NTSB: Pilots were confused by wrong airport's lights
WASHINGTON — Southwest Airlines pilots who recently landed at the wrong airport in Missouri have told investigators they were confused by the small airport’s runway lights, believing it to be a larger airport in nearby Branson, the National Transportation Safety Board said Friday.
The pilots of Southwest Flight 4013 from Chicago’s Midway Airport said in interviews with investigators that they had programmed the Boeing 737 flight management system for the Branson airport, NTSB said. But as they were approaching to land at night last Sunday, they first saw the airport beacon and bright runway lights of Graham Clark Downtown Airport, located in Hollister, Mo., and mistakenly identified it as the Branson airport, which is seven miles away.
The captain had not previously landed in Branson, and the first officer had previously landed there once, and that was during the daytime, NTSB said in an update on the incident. They didn’t realize until the plane touched down that they were at the wrong airport, the NTSB said.
During the landing approach, the pilots contacted the Branson control tower. They were told by controllers they were 15 miles from their target. But the pilots responded that they had the airfield in sight.
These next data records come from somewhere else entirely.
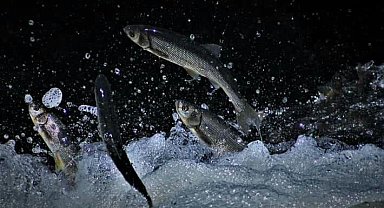 İnci kefali göçü öncesi suyun sıcaklık derecesi ölçüldü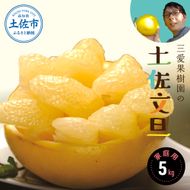 【先行予約】三愛果樹園の土佐文旦 家庭用 約5kg / 土佐文旦 みかん 柑橘 ぶんたん ブンタン 果物 フルーツ 〈2027年2月上旬から順次発送〉【三愛果樹園】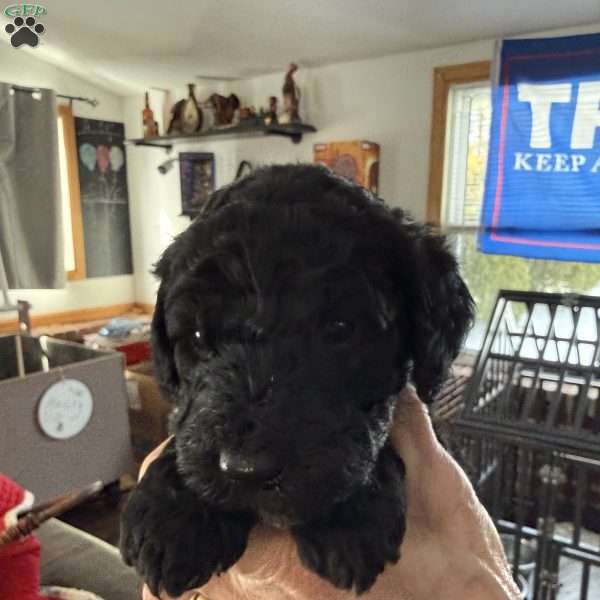 White, Goldendoodle Puppy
Controllers then cleared the plane for a visual approach to land on Branson runway 14. That means the pilots were relying on what they could see rather than automation to orient the plane.
Instead, the midsized airliner with 124 passengers on board landed on the Downtown Airport runway, which is half as long as the Branson runway. The runways are oriented in a similar direction. Passengers later described the plane coming to an extremely hard stop just short of a ravine at the end of the runway, and the smell of burnt rubber.
NTSB said the pilots “confirmed that they utilized heavy braking to bring the aircraft to a stop.”
Besides the pilots, NTSB said investigators also interviewed a Southwest dispatcher, who was on the flight, riding in the jump seat, and listened to the cockpit voice recorder.
Investigators have also begun to analyze the plane’s flight data recorder, which contains about 27 hours of recorded data from the jet’s computer systems.